Friday evening’s Festival session with John Lanchester in conversation with Rod Oram saw a capacity crowd in the GeoDome. What had the potential to be a depressing comment on Western society was immediately set on a different track when Rod, introducing his guest and talking about the fall of the West, said, “Sorry if I sound excited, but I am!”, and then went on to talk about silk knickers. Those who had read Lanchester’s book Capital clearly understood the reference, but there were a few slightly startled expressions in the audience as well. Oram did promise that by the end of the session he would return to the knickers, and with that assurance the questions started.

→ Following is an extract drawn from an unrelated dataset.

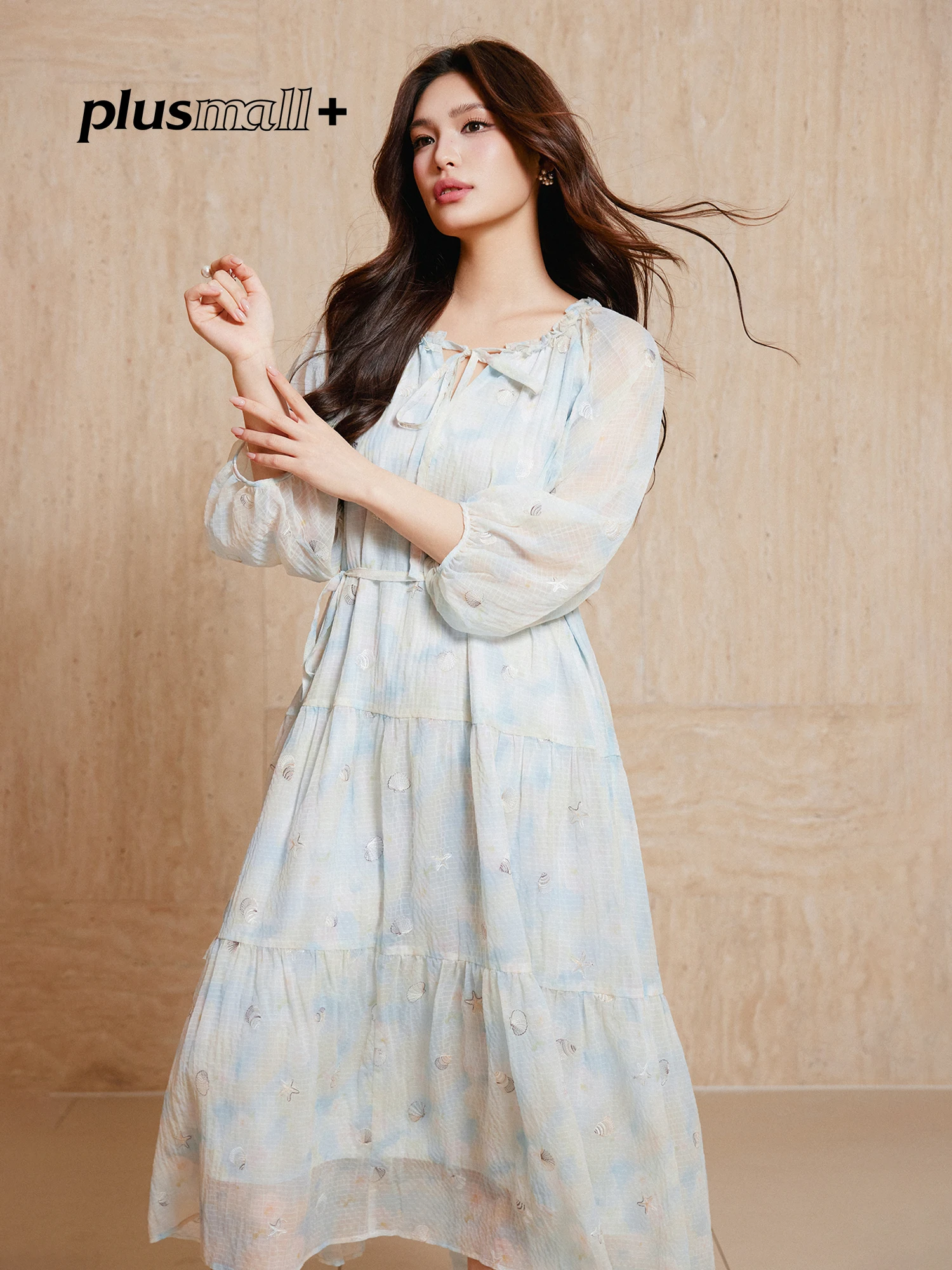 

Romantic Embroidered Chiffon Print Dress Eight-Sleeve Casual Standard-Build Maternity Dress for Ladies in Spring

Lanchester started writing Capital before the bubble burst, saying he knew that at some point the boom would turn to bust, but he ended up effectively writing ‘in real time’. Oram asks about the connection between Capital, published this year, and Lanchester’s non-fiction commentary on the global financial crisis, Whoops! Why everyone owes everyone and no-one can pay (2011). Lanchester says,
You can do anything you like in a novel, but you you can’t explain: explanations break fiction.
He says that fiction has to feel true, without necessarily being true, unlike in real life, where things often don’t feel true but are. (I think to myself, that could pretty much sum up Christchurch’s experience of the last two years). There’s more talk about some of the words that came up in the session with Chris Cleave on Thursday – obliviousness, and Shaw’s concept of the suspension of disbelief. Lanchester points out that in some ways this could be a mitigating factor for the behaviour of the super-rich financiers and those economists who have toppled us into this crisis. I’m not sure that the audience buys into this, but he says whatever their actions, they did (mostly) believe in what they were doing – it’s just that there was a fundamental flaw in their model of the world.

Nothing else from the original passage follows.